HeadGirlMC | Treddie & Trixiver <3 | Copy Girl | Katie's Ickle Minion | I love YOU more Strangely Elias agreed that the segregation of students was a little odd. For a community who had tried hard to correct the prejudices that had once run rampant of which his family were not exempt from, they sure liked to separate them in other ways. Personally he did not care particularly for house pride, he was pleased that he was a Slytherin and would not want to be anywhere else but winning the house cup was not something on his agenda. The Sorting Hat had briefly deliberated between Ravenclaw and Slytherin for himself but had made the decision fairly quickly otherwise without Elias having to even voice his own opinion. “I wouldn’t blame her if she did.” Elias himself had felt like hexing his young brother on occasion when Evander was feeling particularly irritating. As for how the third year hadn’t hexed his own housemates, well he couldn’t guarantee that he had not flicked a bat bogey hex towards an unsuspecting second year.
Technically he was not being derogatory on purpose. The Hufflepuffs really DID feel like the ‘others’ in that they did not fit a strong characteristic of one of the other houses. “I’m not being rude, I’m being honest.” And wasn’t telling the truth, even if it was his truth and not that of others, a valued trait in itself? “Besides, I’d argue that those traits can be seen in any of the houses which further cements that the Hufflepuffs have no discernible traits for themselves.” Surely the Ravenclaws were hard-working and the Gryffindors were loyal and the Slytherins were oddly patient when planning behind the scenes.

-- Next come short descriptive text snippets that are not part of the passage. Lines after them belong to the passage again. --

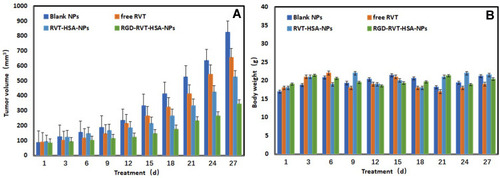 Figure 6 Changes of tumor volume (A) and body weight (B) in nude mice transplanted with SKOV3 cancer cells of blank NPs, free RVT, RVT-HSA NPs and RGD-RVT-HSA NPs.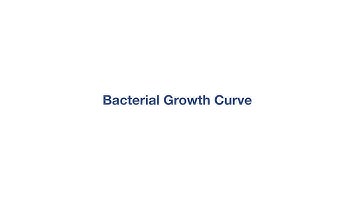 Bacterial Growth Curve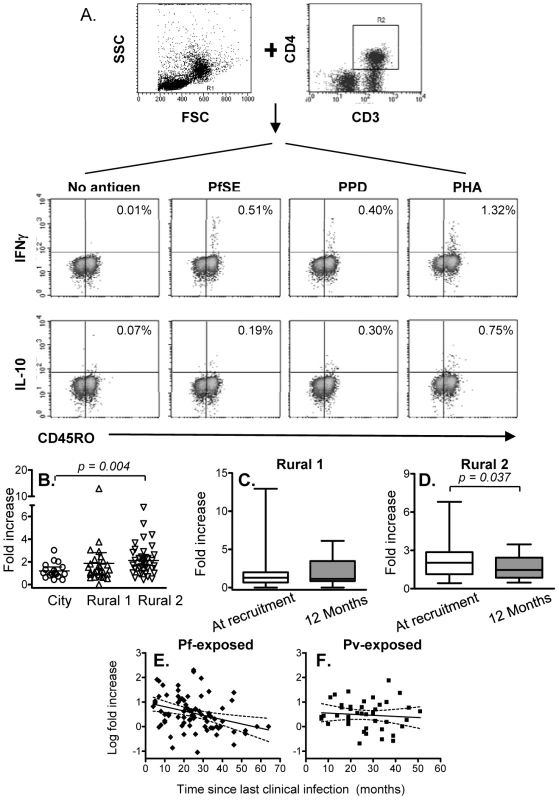 Immediate IFN-γ and IL-10 production by effector memory CD4 T cells.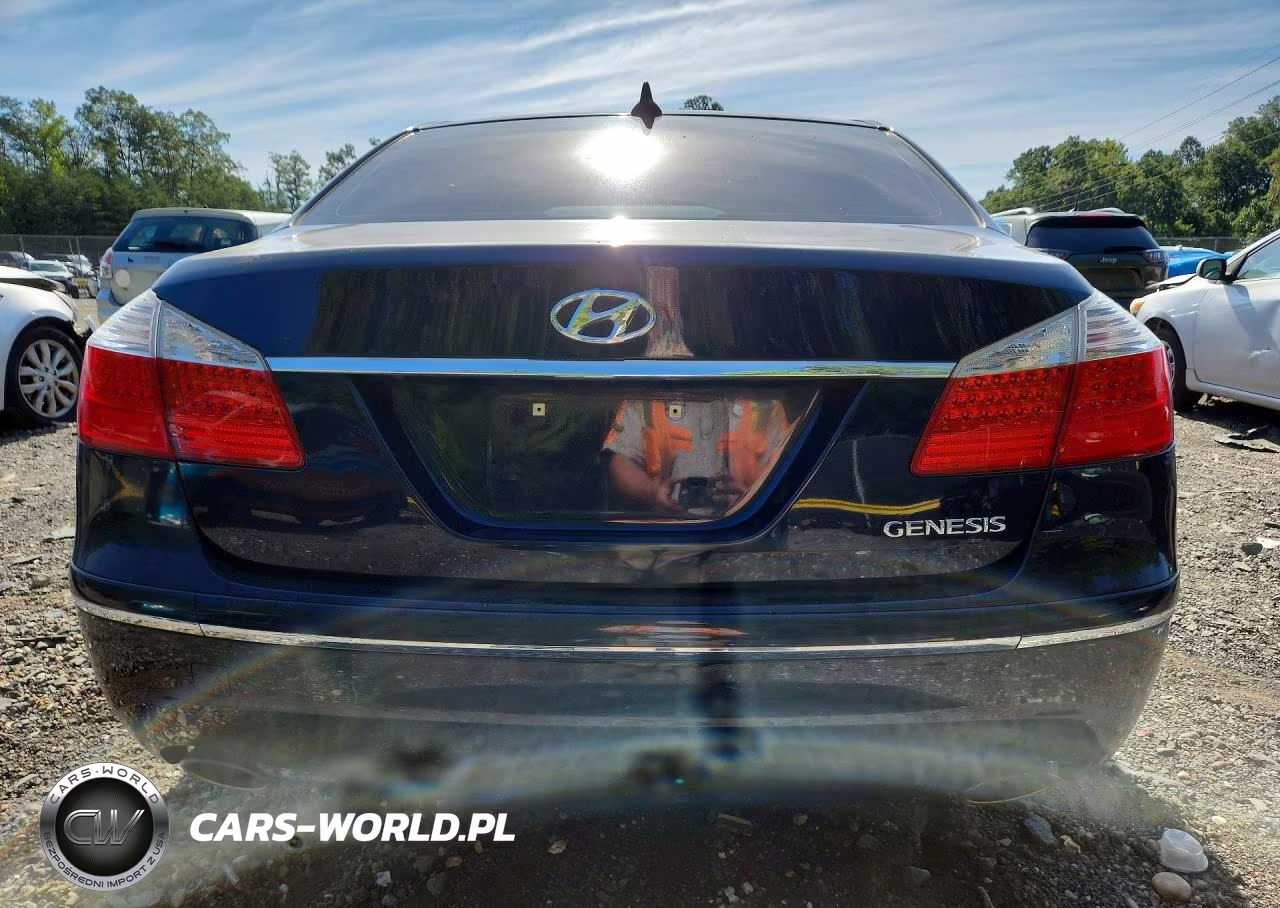 2010 Hyundai Genesis 3.8L VIN:KMHGC4DEXAU074874 - 6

Answering the riddle would mean that Evander would have to stop and think, which was evidently a very difficult task for the Gryffindor. It would also involve him using his brain which Elias was quite sure didn’t function half the time. “He’d get himself lost on the way there” the Slytherin rolled his eyes. Once again that would involve him thinking ahead, a task that he was not so talented at.
He’d visited the graveyard before but did not take pleasure in wandering its grounds. Perhaps it was the uncomfortability of the thought of all those ancestral eyes bearing down on him, of the pressure that if they were still alive they’d be reprimanding him constantly to ‘be better’. It was bad enough that their grandfather’s estate had so many portraits hanging up who just loved to make comments. “I cannot help my hair colour” he rolled his eyes again, flicking his growing fringe away from his eyes with a toss of the head. “I’d rather others think of me as intimidating anyway, they might keep out of my way then.” Elias liked to pretend that he was independent and preferred the company of himself which in many ways rang true but he was from a large family and when in the right company, the young lad flourished. “I bet I could” he argued, twirling his wand which he had removed from his holster in between his fingers almost like a visible threat. Whether he would was a matter up for debate, he’d get in a lot of trouble from his parents if he chose Ezra as his target.